_Problem description_: Word for word, print each line of the listing below; pictures stay out.

+++ Data section

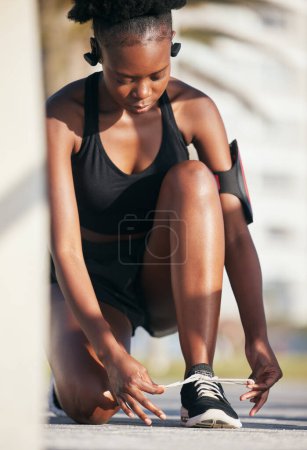 Téléchargez les photos : Femme noire, chaussures de plein air et cravate pour l'entraînement, la formation et l'exercice. Sport, fitness et athlète africain attachant des lacets sur les baskets pour commencer à courir, se préparer pour le cardio et le jogging, la santé et le bien-être. - en image libre de droit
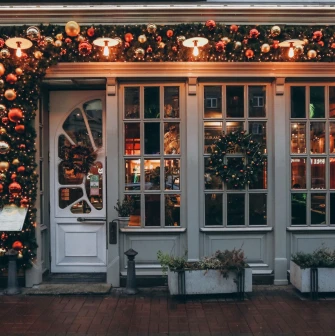 Resraurant Under Wonder - festive restaurant entrance adorned with elaborate holiday and new year decorations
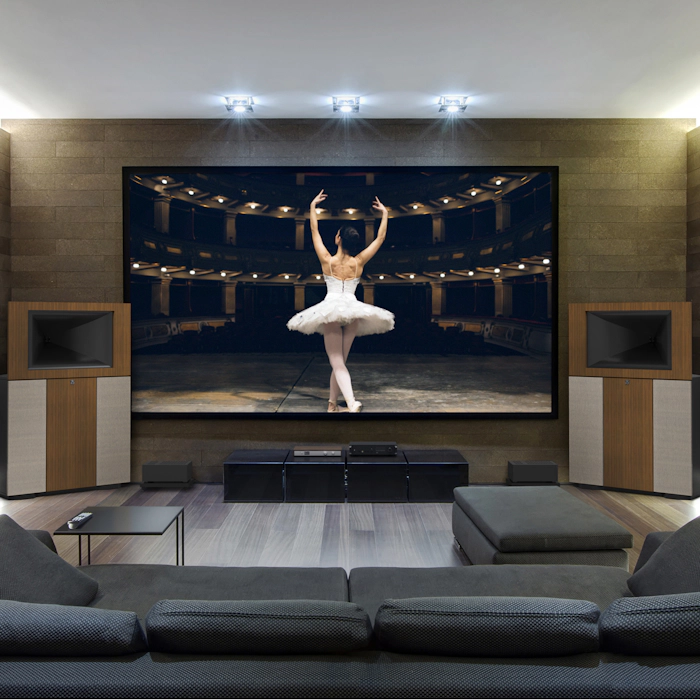 A pair of Klipsch Jubilees flanking a large TV with a ballerina on the screen mobile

++++++

_Reply to the task_:
 Téléchargez les photos : Femme noire, chaussures de plein air et cravate pour l'entraînement, la formation et l'exercice. Sport, fitness et athlète africain attachant des lacets sur les baskets pour commencer à courir, se préparer pour le cardio et le jogging, la santé et le bien-être. - en image libre de droit
 Resraurant Under Wonder - festive restaurant entrance adorned with elaborate holiday and new year decorations
 A pair of Klipsch Jubilees flanking a large TV with a ballerina on the screen mobile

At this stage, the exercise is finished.